I don't see the Court granting Hobby Lobby the relief they seek, in other words, because the facts are not all in, and no court has yet ruled on whether Hobby Lobby's sincere belief outweighs their mistaken opinion about contraceptives (Kennedy's bewilderment notwithstanding).

Anyway, it explains why the case is before the Supremes on what seems to be a strange set of facts (or, rather, non-facts). And, ultimately, I think that's where the decision really has to turn: is a sincerely held religious belief that is contrary to scientific fact still to be held superior to the science when the determination affects third parties adversely? I mean, it's fine if the Green family wants to declare the earth flat based on sincerely held religious beliefs; but if that clearly erroneous factual belief affects their employees adversely, are they still entitled to impose it on them?

Posted by: Rmj | Mar 26, 2014 8:41:07 AM

I didn't realize they needed facts to make a decision. Weird.

Posted by: NTodd | Mar 26, 2014 8:44:02 AM

Facts determine what law applies, and what relief is granted (or not).

So far, the Supremes are only considering a legal issue: can Hobby Lobby bring a claim under RFRA, and can that claim be valid under RFRA for a corporation? If so, we're back to the facts of Hobby Lobby's claim, and whether or not they can be granted relief on the facts presented.

Just because they can validly make a claim, doesn't mean they are entitled to relief by the courts.

So I respectfully disagree with LGM: the facts haven't been determined yet, and the legal issues are still validly under consideration. But their determination won't decide that Hobby Lobby wins in the trial court. It just means they go back there (or not, depending on whether their RFRA claim is allowed or not) and start presenting facts.

Which is where I think it gets really interesting.

Posted by: Rmj | Mar 26, 2014 9:13:53 AM

"Just because they can validly make a claim, doesn't mean they are entitled to relief by the courts."

Yeah, that's where I think I originally misread Scalia...

Posted by: NTodd | Mar 26, 2014 9:23:17 AM

Well, perhaps this case will clear up a little theological question.

"Corporations are people, my friends", said Romney

BUT: Corporations do not breath, they cannot feel pain or joy, no one even claims that they have a unique, individual soul. In principle, they are immortal, and can be present and acting in many places at once.

That's not a human, not a person.

Is it a DEMON?

Massachusetts might even still have laws on the books about what to do about Demons.

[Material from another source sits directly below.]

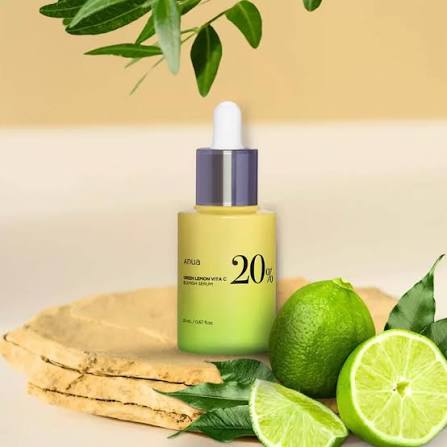 Anua Green Lemon Vita C Blemish Serum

I doubt they get equal rights.

Posted by: Snarki, child of Loki | Mar 26, 2014 11:00:46 AM

It still blows my mind that a statutorily created entity like a corporation, designed to pool money and act as a shield against the personal liability of the principals of said entity cannot be governed by the same statutory framework whence their existence came, is beyond the reach of Congress because the SCOTUS decided that these entities are "people".

How can that be a constitutional principal? and even if it is a constitutional principal (the rights of a person are not in doubt), why can't a statute be passed that says, no, a corporation is not a person, it's a statutory creature that is not entitled to any constitutional rights of its own unless we, the creators of the statutes, say it is, and is entitled to only those rights we say it has?

I haven't heard this argument made, never mind being rebutted. Maybe it's just too stupid to be considered, maybe it's way off the mark, but geez, don't it make sense?

Posted by: Howlin Wolfe | Mar 27, 2014 11:58:23 AM

Mixed up "principal" and "principle" again. Don't hate me.